George Wimpy and Barratt Homes housing projects

In no country can there be a stronger prejudice against suburbia than in Britain. One needs only recall the special issue of the Architectural Review from the 1950s, called Outrage, which described a country steamrolled into uniformity by private house builders. This is odd. After all, the British, and more particularly London, have been instrumental in the invention of the suburb and could within reason take pride in the achievement.

In the twentieth century, however, the British contribution made by architects to the suburbs has been almost unnoticeable. With few exceptions (Parker & Unwin’s garden suburbs and, in the 1960s, Eric Lyons’s SPAM housing), there has been in Britain little interest and still less creativity among architects in low density urban planning and in low-cost housing. The mere mention of names like Wimpy or Barratt (Britain’s best known house builders) is enough to get architects to run for cover in the cities.

Approximately half of the population of Britain live in suburbs. But influential architecture firms have consistently stayed away from them. Many believe that the combination of low-income house buyers and the private sector is incompatible with the proper exercise of architecture – a belief that is not wholly unjustified. For all the commercialism of Foster & Partners, for all the populism of Richard Rogers, architects in Britain work under the conviction that there can be no urbanity (or for that matter, suburbanity) in the suburbs, that the only genuine urbanity is Italian.

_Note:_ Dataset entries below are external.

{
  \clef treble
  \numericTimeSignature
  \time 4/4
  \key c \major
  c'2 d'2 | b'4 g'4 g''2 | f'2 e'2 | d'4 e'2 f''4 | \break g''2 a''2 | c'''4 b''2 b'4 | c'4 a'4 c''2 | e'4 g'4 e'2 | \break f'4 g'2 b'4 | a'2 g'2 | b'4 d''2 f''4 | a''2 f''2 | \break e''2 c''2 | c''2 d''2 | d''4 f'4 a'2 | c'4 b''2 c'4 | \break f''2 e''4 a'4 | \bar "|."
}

Such is a legacy of ‘townscape’, of the cult of the Mediterranean world and of village life. Suburbs simply do not register in this order of value. They are untouched by notions of quality, and they cannot as such be the object of design attention. There has been, it is true, attempts at both local and national government level to improve the quality of public spaces on the model of Barcelona, but it is difficult to see how these spaces could survive in London’s lower densities and less hospitable climate.

In any case, this is not what the suburbs need. The British response to low density is to wheel out the cart of the Picturesque out of the barn. The Picturesque, it is felt, will introduce quality where there was none. It might just do this in a few chosen places, like it did in Hampstead, Turnham Green and, further away, in Poundbury, Dorchester. But while it was well-suited to the estates of the gentry, can make little difference in the boundlessness of suburbia. Most memorably, the point was made by Adriaan Geuze and his students when, in 1995, they laid one million Monopoly-size houses under the arcade of the NAi. Design in the suburbs resides at the intersection between quality and quantity, between architectural design and urban planning, between taste and statistics.

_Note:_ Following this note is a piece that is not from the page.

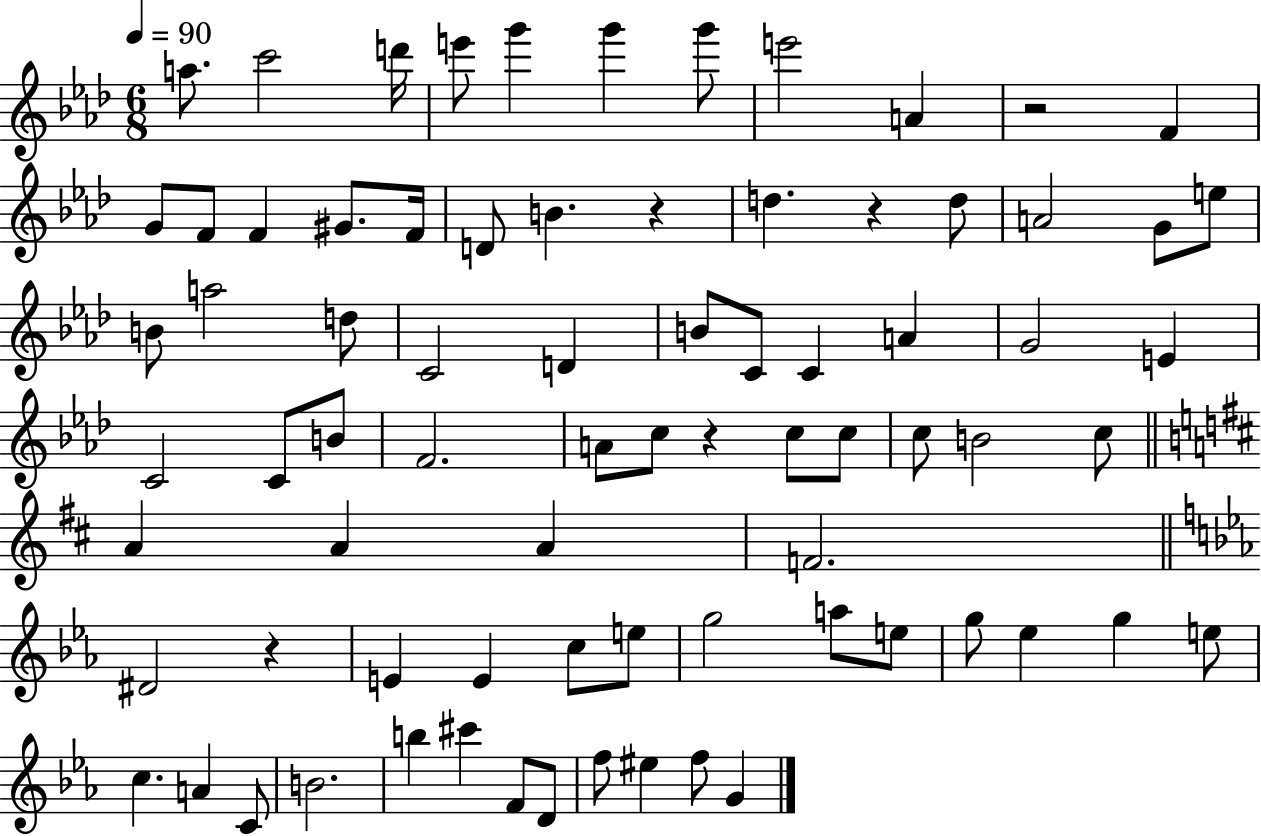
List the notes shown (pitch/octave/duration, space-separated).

A5/e. C6/h D6/s E6/e G6/q G6/q G6/e E6/h A4/q R/h F4/q G4/e F4/e F4/q G#4/e. F4/s D4/e B4/q. R/q D5/q. R/q D5/e A4/h G4/e E5/e B4/e A5/h D5/e C4/h D4/q B4/e C4/e C4/q A4/q G4/h E4/q C4/h C4/e B4/e F4/h. A4/e C5/e R/q C5/e C5/e C5/e B4/h C5/e A4/q A4/q A4/q F4/h. D#4/h R/q E4/q E4/q C5/e E5/e G5/h A5/e E5/e G5/e Eb5/q G5/q E5/e C5/q. A4/q C4/e B4/h. B5/q C#6/q F4/e D4/e F5/e EIS5/q F5/e G4/q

The resulting conflict defines the pathos of the suburb. Of this, no nation has shown a better understanding than the Dutch. Not, as often assumed in Britain, because Dutch architects were able to bring design quality to bear upon the crushing anonymity of numbers but, to the contrary, because they were able to supplement quality with a willingness to understand the logic of numbers. In short, they had a desire to engage with the brief. Hence Borneo Sporenburg, hence Leidsche Rijn, Yppenburg and IJ-burg. This, surely, must be the reason why several Dutch practices are currently working in the Thames Gateway region to the east of London.

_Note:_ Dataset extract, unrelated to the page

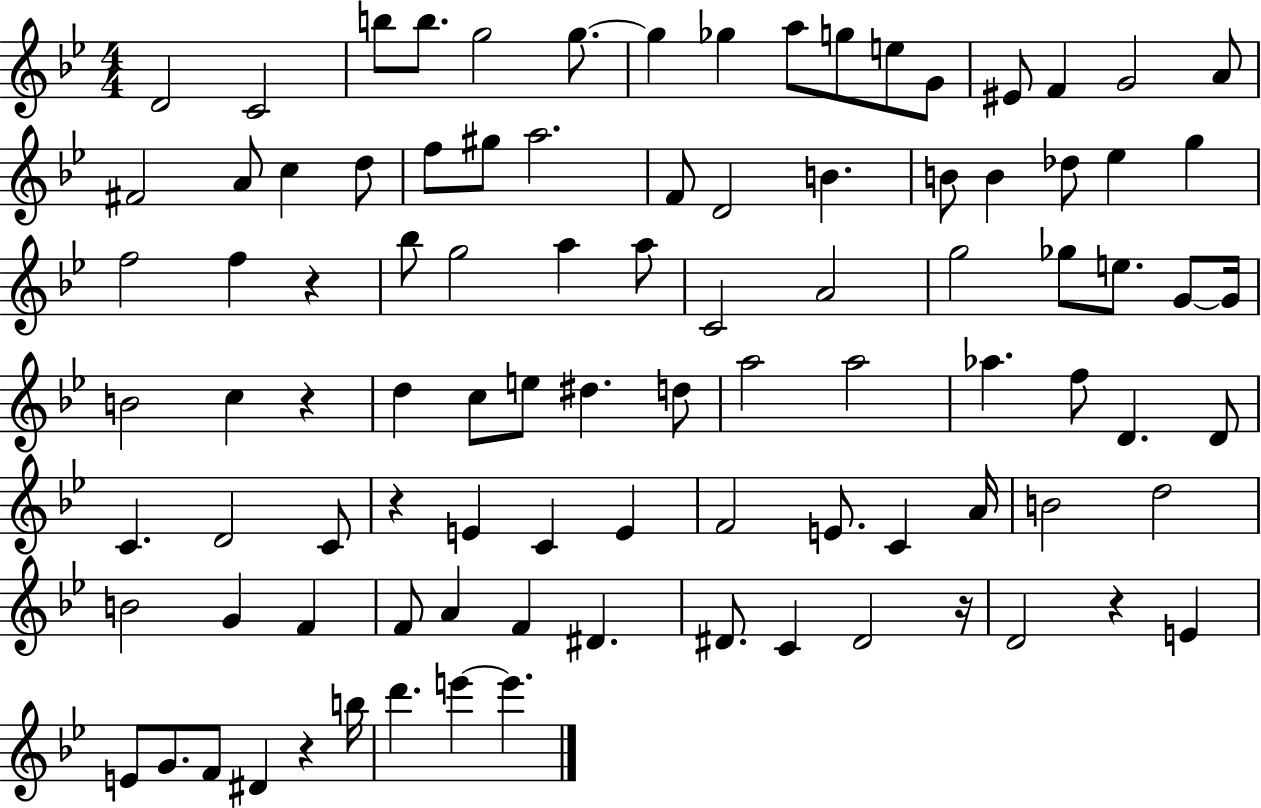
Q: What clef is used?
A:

But can one refer to a “Dutch invasion”, as a recent article did in the magazine Building Design? Within the next 10 years, the British government plans to build some 240,000 homes per year - or 2,400,000 within the next 10 years. The policy has prompted much debate and it recalls the impact of VINEX in Holland in the late 1990s. Given this context, the 15,000 homes planned at Stratford and Barking with some Dutch involvement (KCAP, Maccreanor Lavington, Maxwan, West 8) could hardly be described as an invasion.

These projects are the outcome of a 10-year long process, starting in the mid 1990s with the effective diffusion of the NAi and Archis, extended with matching publicity in the UK and elsewhere in Europe. Officials and influential figures took notice, among them Richard Rogers and Ricky Burdett, then of the Urban Task Force which sought to influence government policy, later as advisors to the Mayor of London. It is hardly surprising or untoward that this should have resulted in a few high profile architects’ appointments.

A great deal more could be hoped for besides the involvement of some of the most capable urban planners in Europe on sites of high visibility. The example of 15,000 homes will not in itself renew the culture of urban planning and housing in Britain. The problem is not that there are too many Dutch architects working in the UK, or for that matter that there are too few, but that the infrastructure that permitted their success at home is hardly in place in Britain. There is plenty more that can be learnt from the Netherlands.